Next steps for distinguishability measure

Post date: Oct 7, 2012 10:14:57 PM

According to the draft for INFORMS 2012, the followings are what we should pursue further (beyond the scope of INFORMS presentation though).

Improve robustness of pair-wise t-test in distinguishability measure

Since we use only 10 examples for pair-wise t-test, the estimation is arguably not very stable. (Practically it requires >30 examples) So, we might consider including the 1-degree neighbors n(A) of the voxel of interest, A, to increase the robustness. However, the beta coefficients from n(A) are known to correlate with ones from A, that violate the t-test assumption that examples for each distribution are iid. Nevertheless, this approach is worth trying, and the issue can be addressed as a drawback.

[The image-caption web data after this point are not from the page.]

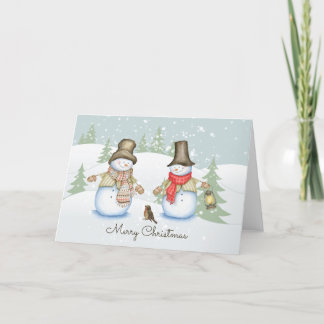 Cartes Pour Fêtes Annuelles Bonhomme de neige Ami Oiseau Joyeux Noël Mignon Va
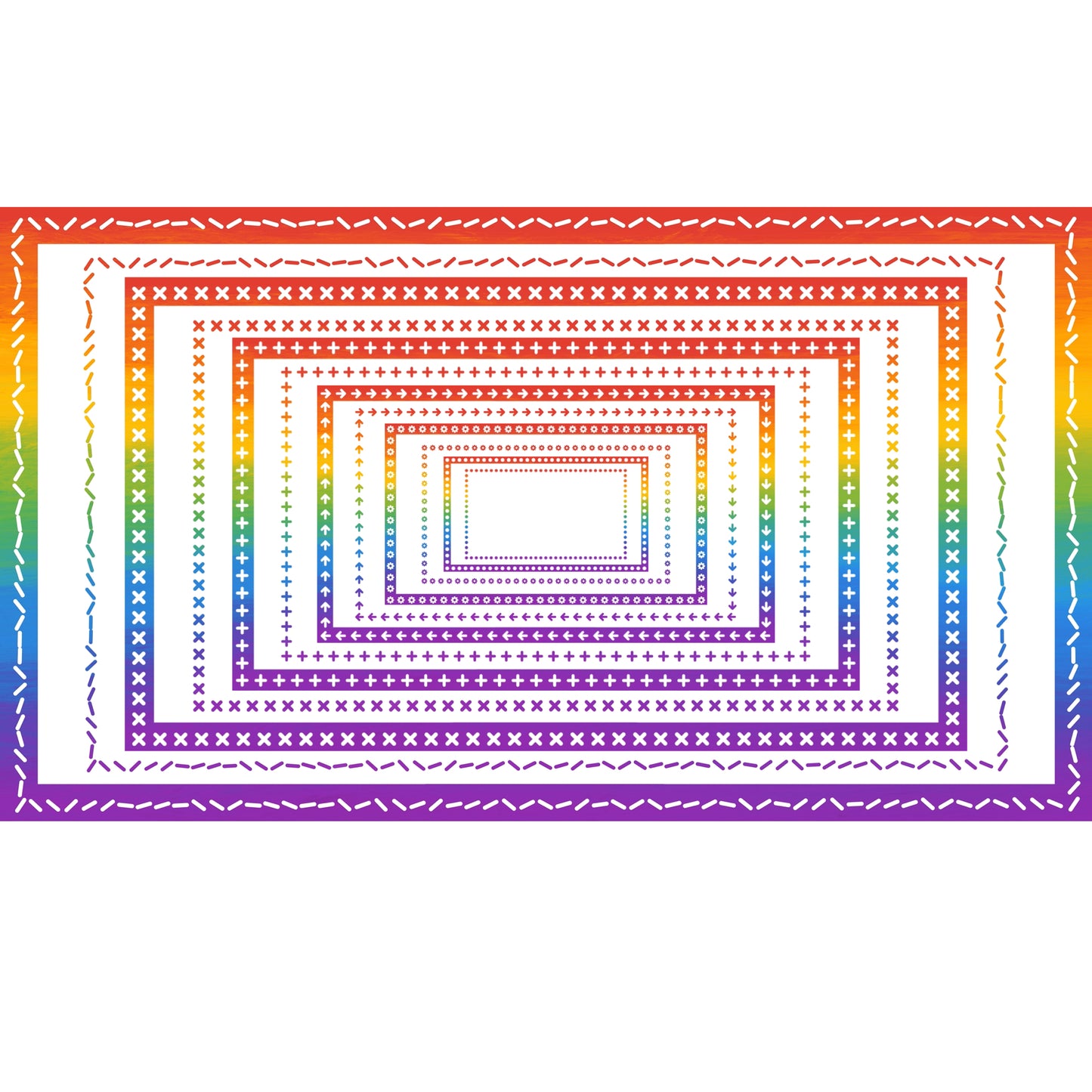 Widescreen Border Clipart Set 38 - Rainbow - Google Slides & PowerPoint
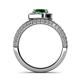 5 - Nora Emerald and Diamond Halo Engagement Ring 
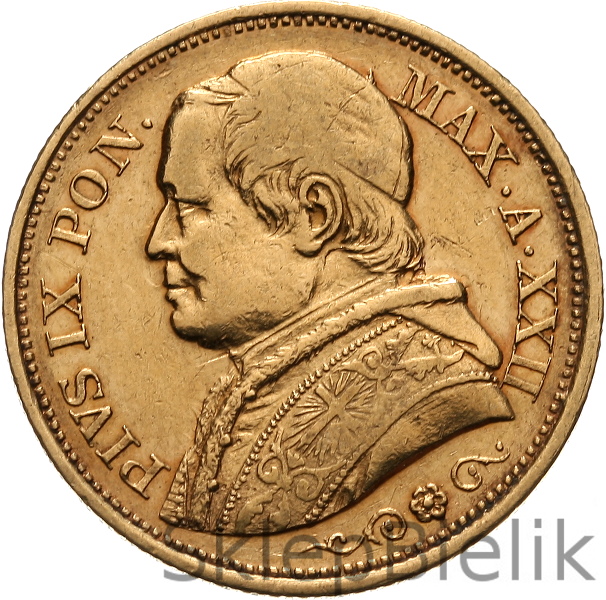 WATYKAN - 20 LIRÓW - 1867 XXII R - PIUS IX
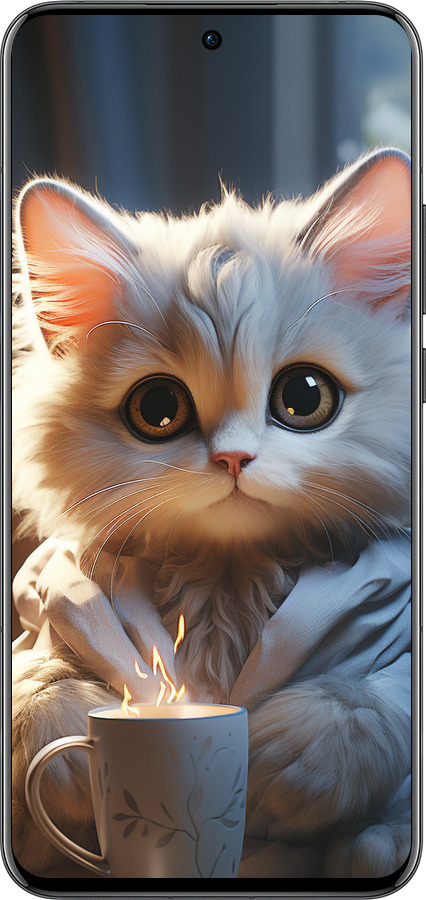 Силиконовый чехол White cat для Oppo Reno13 Pro - 5646u-3943 изображение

Informative brain regions outside VTC found by distinguishability measure

In figure 7 of the draft, there are informative brain regions outside VTC found by distinguishability measure. What regions are they? [Sonya has a plan for this. Thanks! ]

Consistency of atlas and functional brain clustering

Mapping the anatomical brain map (atlas) to the clusters found by spectral clustering+CD.

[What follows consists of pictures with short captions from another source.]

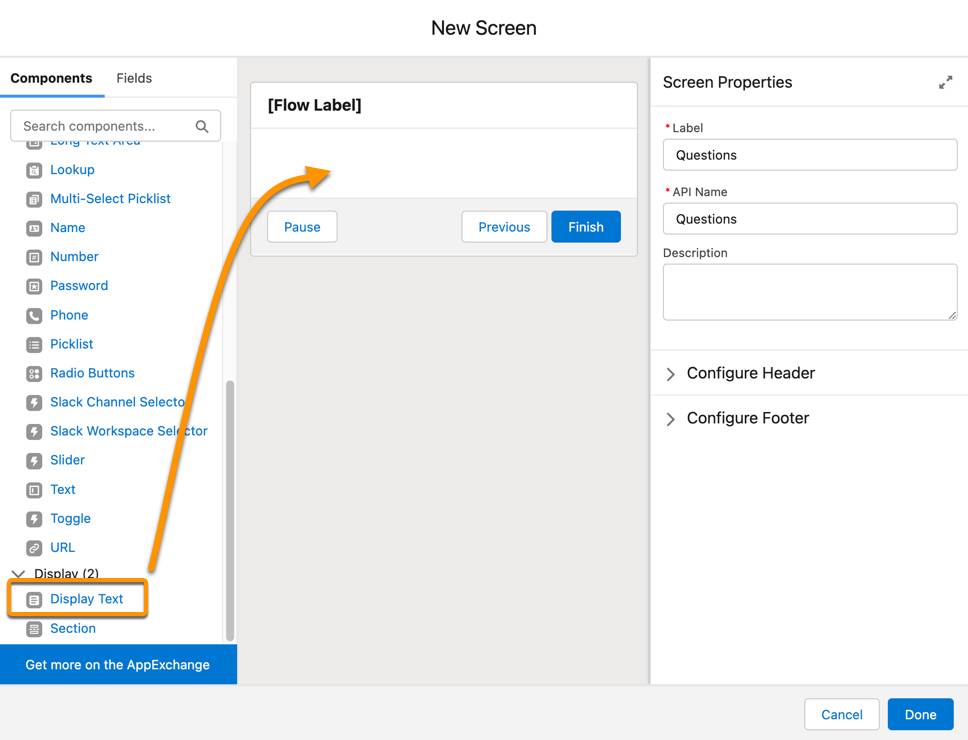 The Display Text component at the bottom of the Components list and an empty screen canvas.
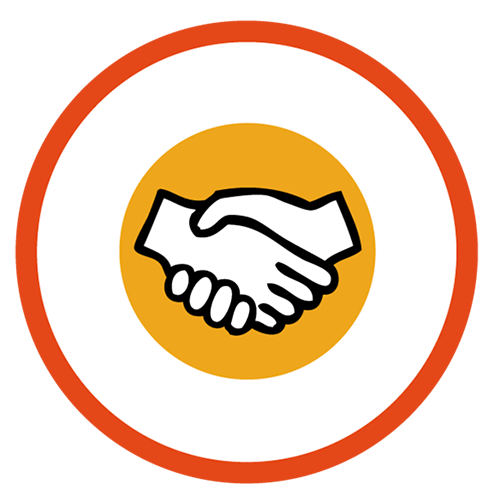 Circular handshake icon image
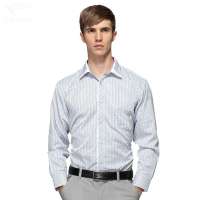 HODO红豆相思鸟男装男士直筒淡雅格子正装衬衫HDXC13113(G19绿格42)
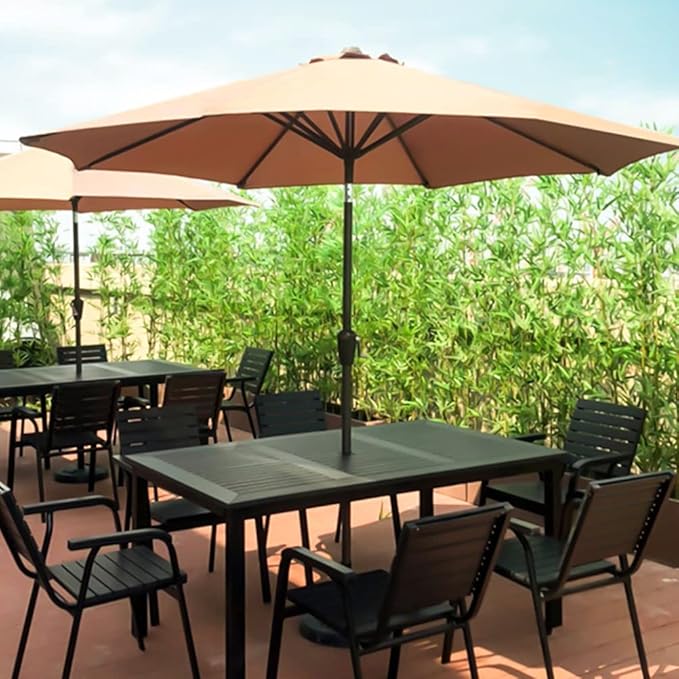 Prudiut 2 Inch Patio Table Umbrella Hole Ring and Cap Set, 2 Set Standard Umbrella Hole Ring Plug and Cap Set for Glass Outdoors Patio Garden Table Deck Yard (Black)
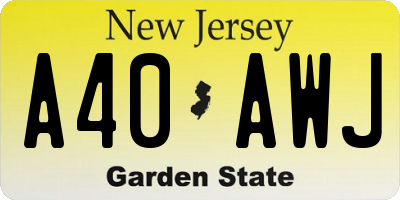 NJ license plate A40AWJ
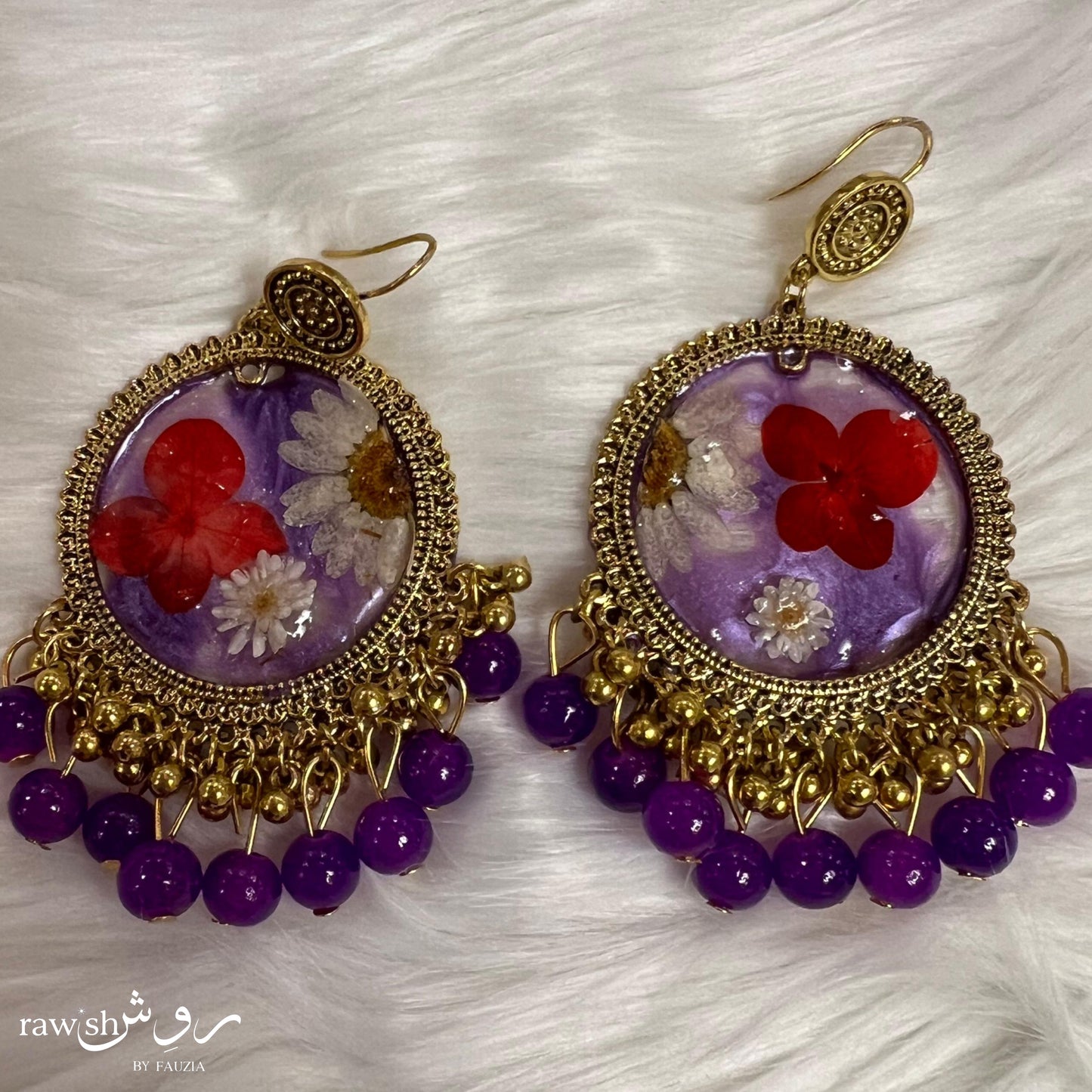 Floral Purple Jhumkas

[Sonya will provide the masks of the subregions in the VTC, thanks a million!]

After that, we can use Jaccard index to calculate the consistency numerically.

A problem, though, is visualizing the clusters on the 3D brain is hard to understand. So, we might need to unfold from 3D to 2D.

Find functional boundaries invariant to the stimuli (and the subjects too?)

Since we have only 8 stimulus categories, I don't think that this 8 categories would provide sufficient information to cluster all major subregions in the VTC. On the contrary, the question we should ask would be:

"what regions can we discover from using 8 stimuli categories?" or

"is there any consistent boundaries across the different number of segments (5, 8, 12, ...)?"

Another good question would be: "Is there any boundary invariant to the stimuli?"

And if we start on multiple-subject test, it will be interesting to ask: "Is there any consistent boundary across subjects?"

Plot pair-wise distinguishability values pair by pair

For each pair of classes (i,j), we plot the pair-wise distinguishability values on the slice of the brain. So, we will have 7x7 triangle image matrix. For example, if we have 4 classes, we will have

     2     3     4    
1: (1,2) (1,3) (1,4)
2:       (2,3) (2,4)
3:             (3,4) 

We expect to see some trends for each class pair.

Plot the "class-maximally-separated" region on the bain

The CD for each voxel indicates how well the voxel can separate a particular class from the rest. In the figures on page 7, we have the biclustering result, and therefore we know which voxels tends to maximally separate which class(es). So, it is a very interesting idea to plot which regions in the brain perform best on separating which classes by plotting the peak of biclustering on the 3D brain so that we know what regions they are.

Individual class-pair separation on biclustering

Based on the same figure on the page7, we would like to show more details of the class-pair separation. To do so we will "zoom in" for each class (column) by insert the pair-wise distinguishability rather than the class-specific (which is the averaged class-pairwise). At the end, we will have the similar biclustering matrix of the size 577x56(=8x7). Note that we fix the same order of the voxels (row) and the class merged (column) This visualization would give a good idea on how individual class-pair is separated.